Em O processo, Joseph K se vê
apelando a uma autoridade suprema de onde produz o próprio discurso de defesa e
que não permite recurso algum. Algo semelhante ocorre quanto à autoridade do
pai, que, sendo ele mesmo o que autoriza a fala, controla os fluxos e os
recursos de apelação dentro da família. É o pai que dá o nome, a fala e, consequentemente,
o fálus. É a autoridade do pai que subjuga e distribui os papéis da
defesa e da apelação. O pai dá o veredicto. “Em lugar do nome da história, o
nome do pai: aquele que é a lei, a primeira experiência de justiça, aquele que,
ao dizer não, interrompe qualquer fluxo, barra qualquer fuga, dá estabilidade.”[2]
É da autoridade do pai que vem o significado da vida do filho. Para
Deleuze, o pai deveria ter a função de entrada no mundo; apenas a entrada como
meio para que o filho atinja seus próprios fins. Mas o Estado confere ao pai
uma autoridade e funções que não são suas. Kafka demonstra o abalo dessa
realidade quando amplia a autoridade paterna à dimensão do mapa-múndi. A história em seu fluxo louco desterritorializa esse
lugar privilegiado de identidade fixa que era o nome do pai.
A paranoia da sociedade burguesa, antes no anonimato, agora
capitalista, faz esses nomes se perderem como polo referencial das identidades
masculinas. Ao ampliar a figura do pai na proporção-mundo, Kafka prenuncia que
outras instâncias passam a ter importância central na produção e na distribuição
de sentido e modelos para a produção de subjetividade masculina. Conforme
Roudinesco, a antiga família se encontra em desordem.[3]

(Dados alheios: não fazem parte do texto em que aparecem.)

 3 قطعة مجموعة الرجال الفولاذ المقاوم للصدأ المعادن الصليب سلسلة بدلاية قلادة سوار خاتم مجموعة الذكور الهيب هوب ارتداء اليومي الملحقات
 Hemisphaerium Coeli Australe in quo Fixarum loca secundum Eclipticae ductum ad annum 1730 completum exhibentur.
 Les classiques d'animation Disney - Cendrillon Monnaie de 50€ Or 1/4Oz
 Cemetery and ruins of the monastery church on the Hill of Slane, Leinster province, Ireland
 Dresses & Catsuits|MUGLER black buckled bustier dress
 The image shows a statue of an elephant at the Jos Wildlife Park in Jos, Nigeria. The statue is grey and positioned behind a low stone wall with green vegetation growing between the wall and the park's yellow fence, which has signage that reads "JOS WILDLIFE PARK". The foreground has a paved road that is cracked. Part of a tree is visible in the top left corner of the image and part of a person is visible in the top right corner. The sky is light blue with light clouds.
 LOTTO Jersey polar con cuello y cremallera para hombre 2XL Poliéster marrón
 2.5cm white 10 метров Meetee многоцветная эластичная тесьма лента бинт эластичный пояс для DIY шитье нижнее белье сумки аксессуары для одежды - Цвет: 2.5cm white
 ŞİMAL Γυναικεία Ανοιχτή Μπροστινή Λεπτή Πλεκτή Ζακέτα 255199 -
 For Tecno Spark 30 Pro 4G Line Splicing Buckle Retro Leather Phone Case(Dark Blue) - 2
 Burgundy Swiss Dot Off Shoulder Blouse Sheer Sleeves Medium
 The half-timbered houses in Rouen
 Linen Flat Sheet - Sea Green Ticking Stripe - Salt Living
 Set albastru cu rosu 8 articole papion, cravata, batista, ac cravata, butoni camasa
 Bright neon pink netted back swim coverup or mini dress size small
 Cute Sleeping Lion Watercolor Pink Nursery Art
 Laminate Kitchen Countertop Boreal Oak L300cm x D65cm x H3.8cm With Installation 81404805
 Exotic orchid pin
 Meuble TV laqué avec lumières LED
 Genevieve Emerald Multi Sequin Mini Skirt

O Estado, a empresa, a instituição pública e os aparelhos de mídia passaram a
assumir esse papel central, desde que a economia política e as leis de mercado
submeteram e subverteram a família, ou seja, a família vive um processo de
desfamiliarização. O pai ficou pequeno e não percebeu. A autoridade do pai sai
do espaço familiar/privado e se pulveriza nos espaços públicos.